The Reformations – A study in Church History

St. Francis is offering a six-week course on “The Reformations.” You will notice that the plural was used – and its use was intentional. Although popularly known as THE Protestant Reformation, in fact there was no single, coherent, or cohesive movement that marked the end of a united Christianity in the West. The reform movement in Germany differed from those in Switzerland, France, England, and the Low Countries. The six-week course will be but a glimpse into the forces and factors that preceded the reforms, as well as those that followed. Come understand the popes, people, persecutions, and potpourri of life in Europe emerging from the Middle Ages into the Renaissance, from monkish manuscripts to the printing press, from “father knows best” to individuals enlivened by the Word of God. Individual weekly course descriptions are below. Come join us! 

Wednesday, May 10th – June 21st
7:00 pm – Br. Juniper Room 

Sign up here


Session 1: May 10th – The March of Folly
With the fall of the Roman Empire in the West, the Church found itself increasingly needed in secular affairs and seduced by them. By the Renaissance period of the 15th century, this had led to the formation of the Papal States, the rise of a courtly Roman Curia comprised mainly of lay nobility, a complex means of funding the increasing “empire” of the Church, a culture of corruption, moral laxity, and an obscuring of the lines between the holy and the secular. By the late 15th-century, the Church was unknowingly on what the historian Barbara Tuchman would famously call “the march of folly.” The march reached its zenith in the last six popes before the Protestant Reformation(s). The folly of the papacy and the Roman Curia, pursuing secular goals at the expense of its spiritual mission, bewilderingly ignored the growing outrage and distrust of common people seeking some assurance of salvation and gave birth to the Reformation(s).

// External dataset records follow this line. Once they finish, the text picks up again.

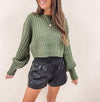 Reign Sweater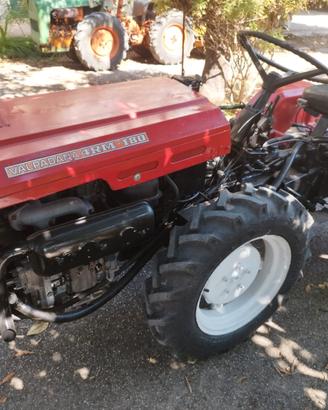 trattore snodato valpadana
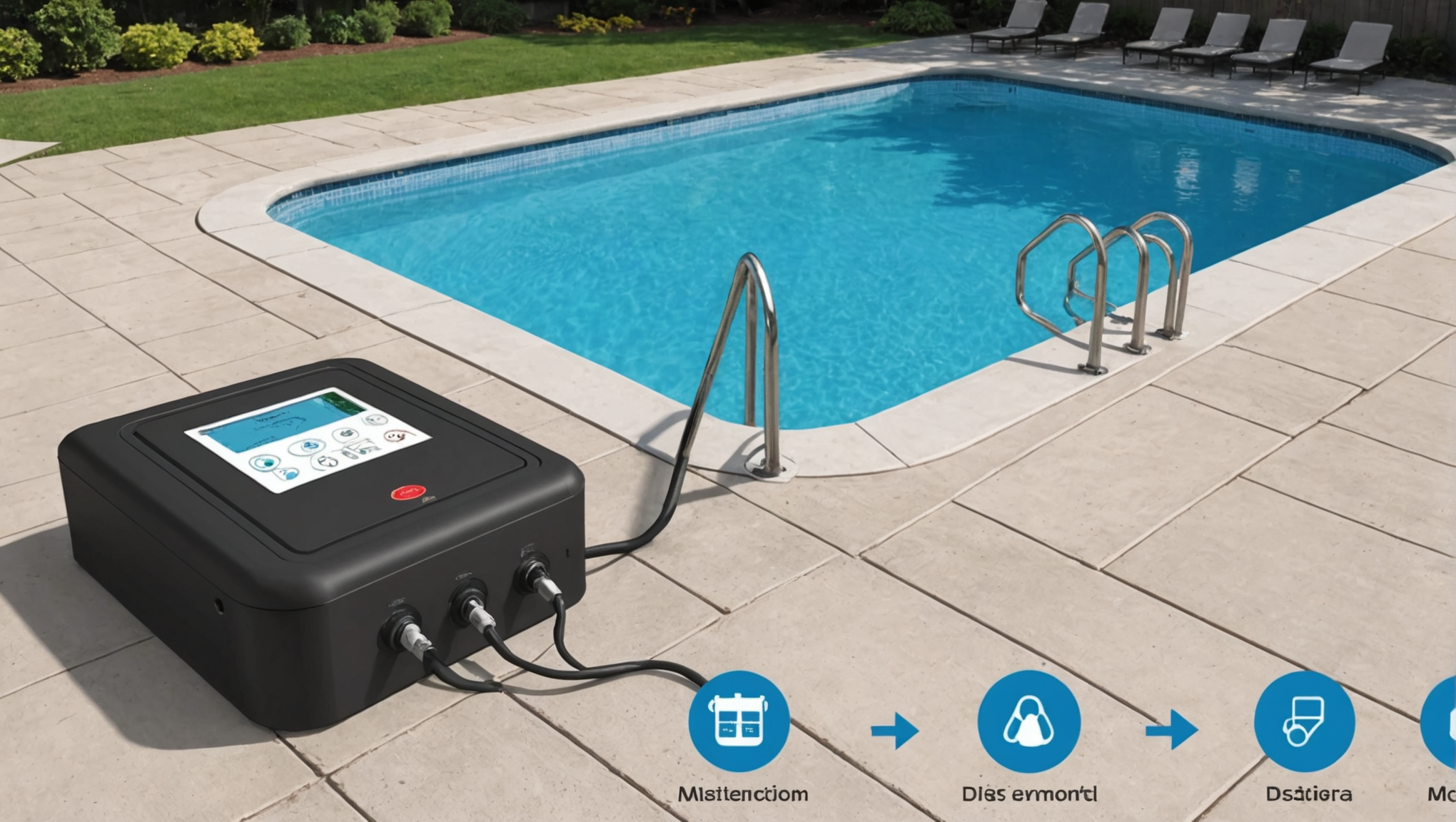 découvrez comment désactiver facilement une alarme de piscine en kit grâce à nos conseils pratiques et nos étapes détaillées.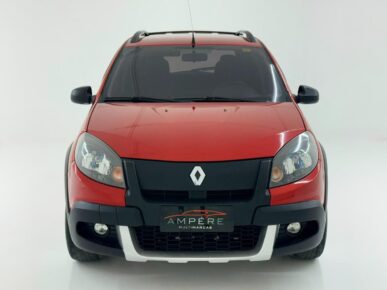 RENAULT SANDERO SW1616VA 2013 - Ampére Multimarcas - Veículos usados e semi novos à venda em Curitiba/PR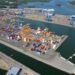 APM Terminals' Finnish Terminals Welcome Larger Cranes To Increase Capacity And Efficiency APM Terminals’ Finnish Terminals Welcome Larger Cranes To Increase Capacity And Efficiency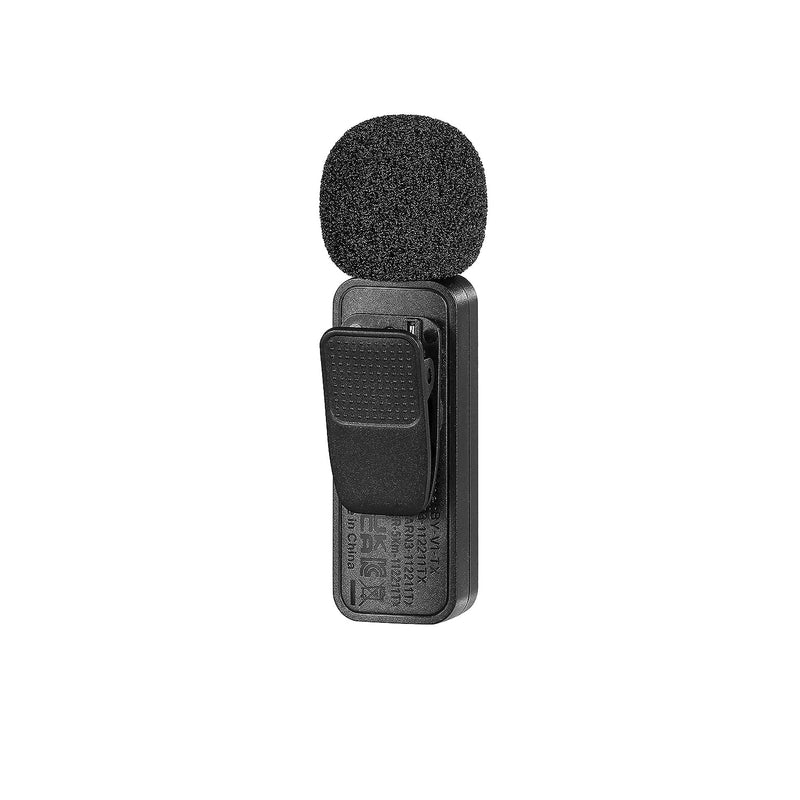 BOYO ULTRACOMPACT WIRELESS MICROPHONE BY-V1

How did all this happen? 

Session 2: May 17th – The Augustinian Monk
The calls for clerical and ecclesial reform were not new in 1517 when Martin Luther posted his call for debate on reform in the typical academic manner: post the topics on the chapel doors inviting everyone to hear the remarks. Martin Luther was but the heir of reform flames that were as far-flung as John Wycliffe in England 150-years prior and Jan Huss in the Czech lands 100-years before. By the time Martin Luther began to proclaim his reformed doctrines, parts of Bohemia were already 90% “protestant.” Why did Martin Luther become the spark that set the flame that divided Western Christian unity? 

Session 3: May 24th – The Swiss Reformers
The early Swiss reform under the leadership of men such as Huldrych Zwingli was a very different reform, not only theologically, but also politically. The Swiss Confederation was very different than the German areas that were part of the Holy Roman Empire. Where Martin Luther’s call for open theological debate was the spark in Germany, Zwingli instigated the Swiss spark via “the affair of the sausages.” (1522) With seemingly very different beginnings, how did the Swiss Reform differ from the one in Germany? And what does John Calvin have to do with all of this? 

Session 4: May 31st – An English King and Struggle for Power
Most people are well aware of King Henry VIII of England and his marriages, divorces, and affairs, all in search of a male heir to his throne. But did you know that Henry was given the title Fidei defensor (Defender of the Faith, 1521) by Pope Leo X in recognition of Henry’s book Assertio Septem Sacramentorum (Defense of the Seven Sacraments), which defended the sacraments as well as the supremacy of the Pope. And yet nine years later, Henry declared himself to be the head of the Catholic Church in England and its territories, essentially establishing the Church of England. How did all this give new life to the Lollards? What instigated the “Dissolution of the Monasteries?” Why was Queen Mary called “Bloody Mary?” How did all this give rise to the Puritans, Presbyterians, the Methodists, Anglo-Catholics, and Congregationalists? 

Break – no class the week of June 4th 

Session 5: June 14th – Reformation in the Low Countries
The Reformation in the “low countries” is by far the most complex. Especially in the city of Antwerp, there were waves of refugees and reformations; first there was a Lutheran, followed by a militant Anabaptist, then a Mennonite, and finally a Calvinistic movement. But who are the Anabaptists? And why did the Calvinists start a religious civil war among themselves? 

Session 6: June 21st – The Counter Reformation
And how did the Roman Catholic Church react to all the reforming movements within and outside the Church? That is the story of the Counter-Reformation, the Council of Trent, the beginnings of the Jesuits, and the Church in need of reform – but western Christianity divided.